After considering a number of the authorities including some of those referred to above, the Court said[18]:

"All of these cases show that there is no universal answer to the question of what is meant by transit.  It is a matter of construing the words used in the particular contract, and applying them to the facts.  In the present case, there was no cartage contract.  The contract was for the hire of men and machinery …  The policy in s 1(b) expressly covers the property of the insured at the premises and there can be no doubt that the grinder was at the premises … at the time it suffered damage.  It had been in transit from the old premises to the new, but it had not only arrived inside the new premises, but it had been unloaded from the forklift and deposited on planks of timber on the floor of the premises.  The subsequent re-positioning does not seem to fall readily within the ordinary meaning of 'transit'."

[14][1995] 1 NZLR 641.

[15]At p. 645.

[16][1963] 2 Lloyds Report 293.

[17][1965] 1 Lloyds Report 139.

[18]At p. 646.

  1. Insofar as the ordinary meaning of the word "transit" is concerned the Oxford Concise Australian Dictionary states that it means "The act or process of going, conveying, or being conveyed, especially over a distance".

  1. Accordingly it appears to me that there is some weight in the submission made by Mr Klempfner that the authorities, although they do normally concern issues related to marine insurance or transport insurance establish that the expression "in transit" relates to the movement of goods for the purposes of transport.  Mr Klempfner submits that this is a crucial consideration in the determination of this appeal.  In this regard he relies upon Legal and General Insurance Australia Limited v Eather[19] where Kirby P (as he then was) summarised three general rules that are taken to guide courts in the construction of insurance polices:

"The first is that, wherever possible established constructions, laid down by courts of high authority, should be followed to ensure the uniform interpretation of terms of insurance policies, which are commonly repeated.  This rule is founded on the obvious good sense of providing, in a worldwide market of common contracts, an objectively ascertainable and commonly known or knowable dictionary by which the respective rights and obligations of insurers and insured can readily be found.

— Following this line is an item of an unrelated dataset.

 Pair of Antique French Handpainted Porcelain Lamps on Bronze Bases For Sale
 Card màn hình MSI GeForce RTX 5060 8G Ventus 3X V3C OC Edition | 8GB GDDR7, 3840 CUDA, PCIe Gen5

Secondly, where there is doubt as to the meaning of a policy, particularly in respect of terms contained in standard printed forms proffered by the insurer to the insured, courts, if not otherwise able to resolve the ambiguity, will construe the policy contra proferentem.  This principle is grounded in the substantially superior position enjoyed by the insurer to specify, and where necessary amend, the standard terms on which it offers indemnity to its insured.

Thirdly, insurance policies will be construed in their commercial and social setting and having regard to their purposes.  If one construction strikes fundamentally at the purpose of the policy, which is to spread the risk insured against, whilst another construction that is reasonably available would effect that purpose, the latter will be preferred."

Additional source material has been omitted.